> [EXERCISE]: Repeat the records in full. No pictures belong in the copy.
-=-=-=-=-
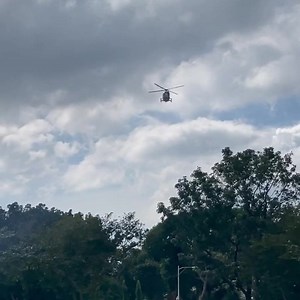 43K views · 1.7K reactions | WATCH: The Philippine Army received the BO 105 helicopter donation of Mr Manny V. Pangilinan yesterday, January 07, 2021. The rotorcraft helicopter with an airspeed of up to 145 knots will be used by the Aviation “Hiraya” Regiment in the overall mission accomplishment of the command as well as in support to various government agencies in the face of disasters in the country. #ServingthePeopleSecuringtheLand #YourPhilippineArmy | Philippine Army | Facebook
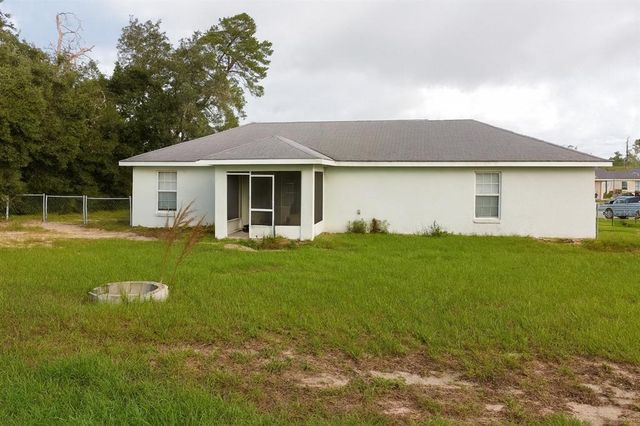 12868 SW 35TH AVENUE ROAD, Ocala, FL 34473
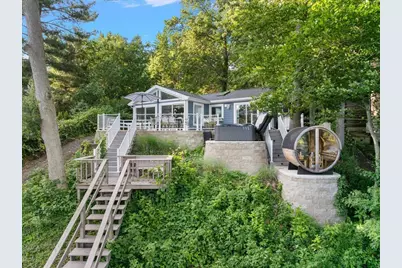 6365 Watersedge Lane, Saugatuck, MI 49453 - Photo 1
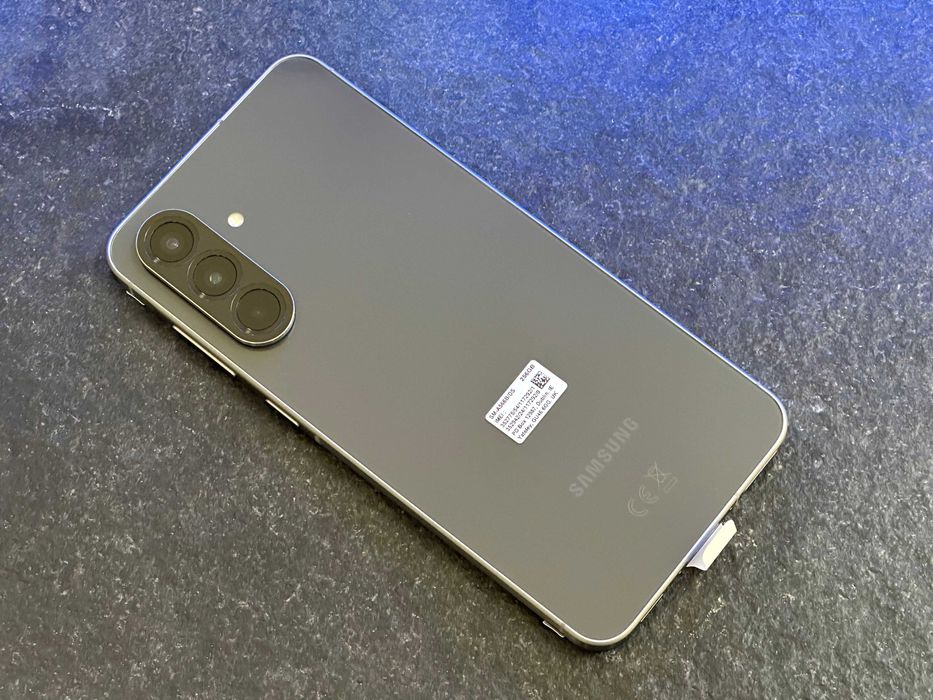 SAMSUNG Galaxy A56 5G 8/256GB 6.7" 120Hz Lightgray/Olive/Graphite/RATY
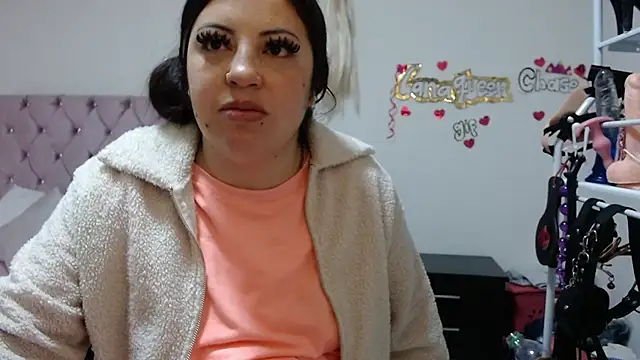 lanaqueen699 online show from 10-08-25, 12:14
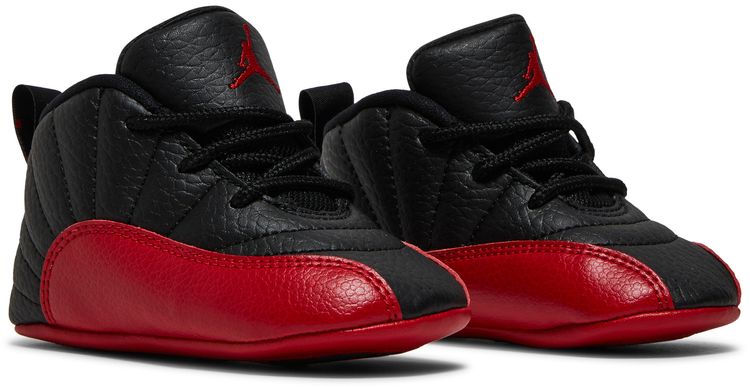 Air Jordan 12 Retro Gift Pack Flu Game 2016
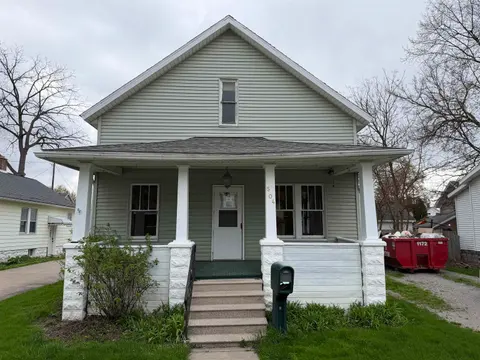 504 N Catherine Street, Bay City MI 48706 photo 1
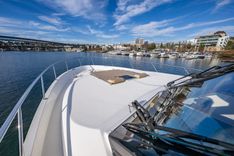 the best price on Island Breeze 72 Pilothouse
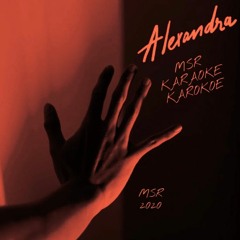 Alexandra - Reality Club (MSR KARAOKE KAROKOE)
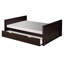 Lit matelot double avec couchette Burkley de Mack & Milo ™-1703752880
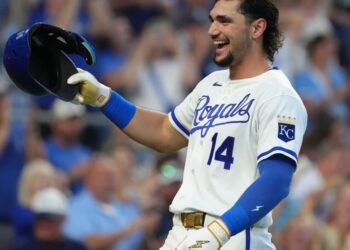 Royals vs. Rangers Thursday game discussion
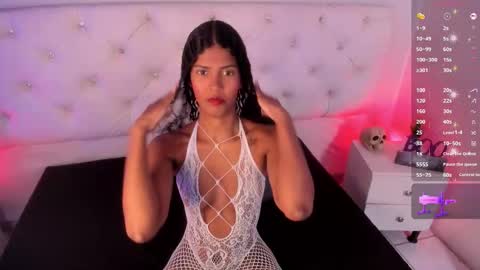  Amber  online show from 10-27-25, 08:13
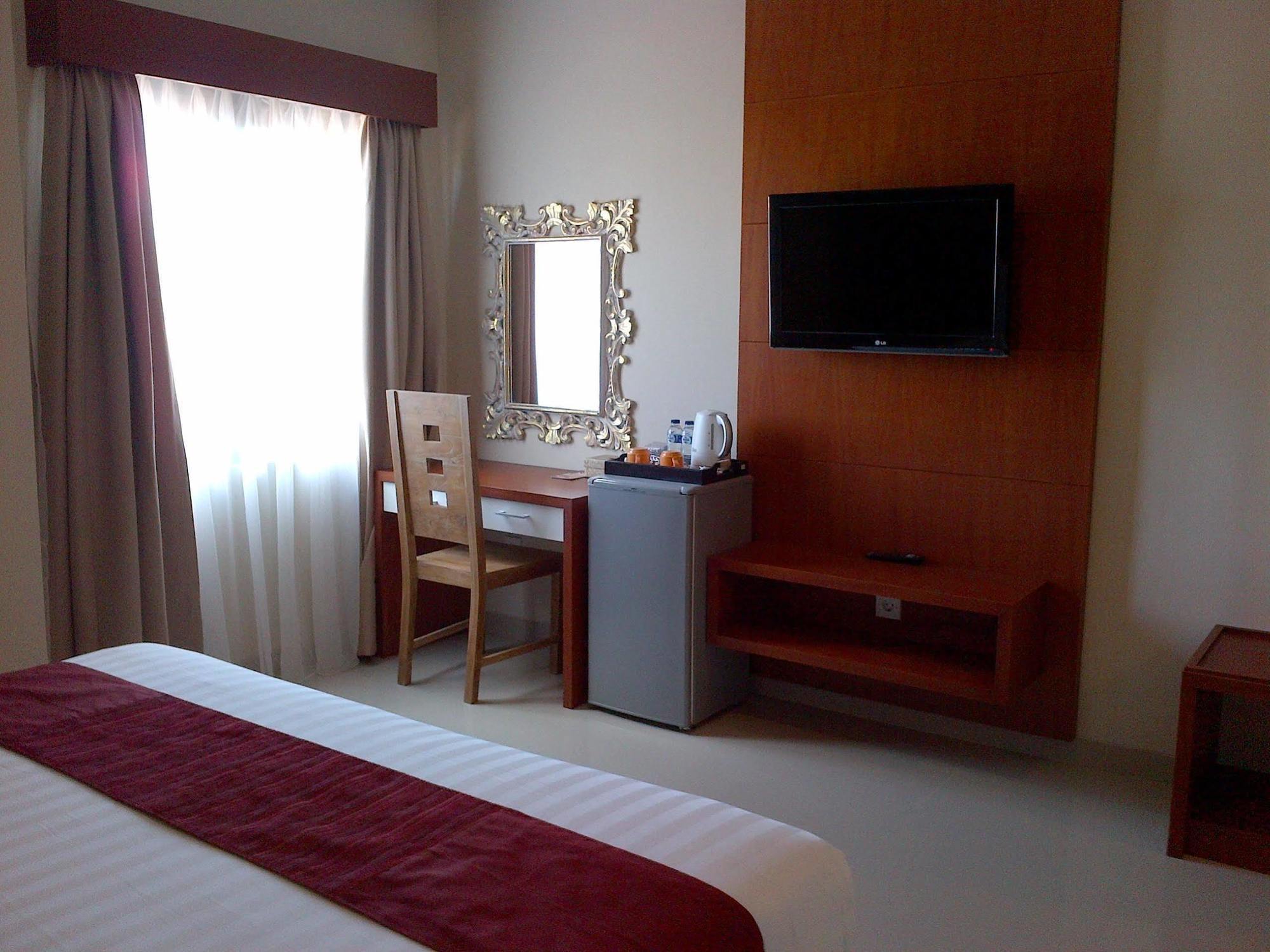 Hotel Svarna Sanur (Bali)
-=-=-=-=-
> [RESPONSE AREA]:
 43K views · 1.7K reactions | WATCH: The Philippine Army received the BO 105 helicopter donation of Mr Manny V. Pangilinan yesterday, January 07, 2021. The rotorcraft helicopter with an airspeed of up to 145 knots will be used by the Aviation “Hiraya” Regiment in the overall mission accomplishment of the command as well as in support to various government agencies in the face of disasters in the country. #ServingthePeopleSecuringtheLand #YourPhilippineArmy | Philippine Army | Facebook
 12868 SW 35TH AVENUE ROAD, Ocala, FL 34473
 6365 Watersedge Lane, Saugatuck, MI 49453 - Photo 1
 SAMSUNG Galaxy A56 5G 8/256GB 6.7" 120Hz Lightgray/Olive/Graphite/RATY
 lanaqueen699 online show from 10-08-25, 12:14
 Air Jordan 12 Retro Gift Pack Flu Game 2016
 504 N Catherine Street, Bay City MI 48706 photo 1
 the best price on Island Breeze 72 Pilothouse
 Alexandra - Reality Club (MSR KARAOKE KAROKOE)
 Lit matelot double avec couchette Burkley de Mack & Milo ™-1703752880
 Royals vs. Rangers Thursday game discussion
  Amber  online show from 10-27-25, 08:13
 Hotel Svarna Sanur (Bali)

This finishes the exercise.